Im zweiten Staatenprüfverfahren sieht der Fachausschuss die von der Bundesregierung im Staatenbericht 2019 postulierte positive Entwicklung auf dem allgemeinen Arbeitsmarkt nicht. In den Abschließenden Bemerkungen 2023 zeigt sich der Ausschuss besorgt über die hohe Arbeitslosigkeit von Menschen mit Behinderungen sowie der hohen Zahl von Menschen mit Behinderungen in geschützten Werkstätten und deren niedrige Übergangsquote auf den offenen Arbeitsmarkt.

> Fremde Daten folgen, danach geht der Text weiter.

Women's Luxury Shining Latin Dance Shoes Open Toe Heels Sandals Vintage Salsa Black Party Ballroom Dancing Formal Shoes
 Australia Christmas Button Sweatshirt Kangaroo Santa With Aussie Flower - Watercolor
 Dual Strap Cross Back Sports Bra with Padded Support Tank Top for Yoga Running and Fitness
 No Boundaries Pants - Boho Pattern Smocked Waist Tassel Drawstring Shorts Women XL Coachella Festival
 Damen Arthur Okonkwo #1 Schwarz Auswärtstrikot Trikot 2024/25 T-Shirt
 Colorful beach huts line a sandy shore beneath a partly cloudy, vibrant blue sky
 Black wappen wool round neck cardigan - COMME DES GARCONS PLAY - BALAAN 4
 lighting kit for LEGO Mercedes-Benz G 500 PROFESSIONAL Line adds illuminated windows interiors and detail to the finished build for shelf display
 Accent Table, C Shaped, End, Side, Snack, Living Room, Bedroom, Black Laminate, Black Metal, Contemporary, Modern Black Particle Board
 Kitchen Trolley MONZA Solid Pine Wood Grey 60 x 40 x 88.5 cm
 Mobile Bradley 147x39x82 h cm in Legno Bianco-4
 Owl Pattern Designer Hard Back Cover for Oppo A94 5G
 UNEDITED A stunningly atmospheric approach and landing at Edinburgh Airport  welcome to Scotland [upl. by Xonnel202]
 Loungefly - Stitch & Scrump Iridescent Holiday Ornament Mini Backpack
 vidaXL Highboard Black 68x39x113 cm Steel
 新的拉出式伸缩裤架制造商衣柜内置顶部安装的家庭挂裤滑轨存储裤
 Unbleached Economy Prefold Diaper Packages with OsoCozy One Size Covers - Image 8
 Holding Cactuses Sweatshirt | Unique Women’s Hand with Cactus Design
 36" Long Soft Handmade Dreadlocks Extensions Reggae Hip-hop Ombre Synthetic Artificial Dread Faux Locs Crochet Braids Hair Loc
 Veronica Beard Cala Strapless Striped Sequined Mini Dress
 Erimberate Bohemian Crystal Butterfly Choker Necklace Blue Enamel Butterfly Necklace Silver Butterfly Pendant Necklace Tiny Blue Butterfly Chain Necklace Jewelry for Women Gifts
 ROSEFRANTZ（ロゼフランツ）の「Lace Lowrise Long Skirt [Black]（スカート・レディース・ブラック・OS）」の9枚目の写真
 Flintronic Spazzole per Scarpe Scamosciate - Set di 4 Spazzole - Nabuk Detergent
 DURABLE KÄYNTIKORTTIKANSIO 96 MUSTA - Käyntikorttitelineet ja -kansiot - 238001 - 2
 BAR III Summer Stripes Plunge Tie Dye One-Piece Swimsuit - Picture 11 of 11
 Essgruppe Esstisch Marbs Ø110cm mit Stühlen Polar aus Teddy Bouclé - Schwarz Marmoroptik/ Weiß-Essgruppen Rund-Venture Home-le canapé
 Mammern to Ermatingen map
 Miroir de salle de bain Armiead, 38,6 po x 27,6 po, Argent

Der Ausschuss empfiehlt, unter aktiver Beteiligung von Organisationen von Menschen mit Behinderungen einen Aktionsplan zur Förderung des Übergangs von Menschen mit Behinderungen in geschützten Werkstätten auf den offenen Arbeitsmarkt in allen Bundesländern zu entwickeln und die Beschäftigungsquoten für Menschen mit Behinderungen sowohl im öffentlichen als auch im privaten Sektor durchzusetzen.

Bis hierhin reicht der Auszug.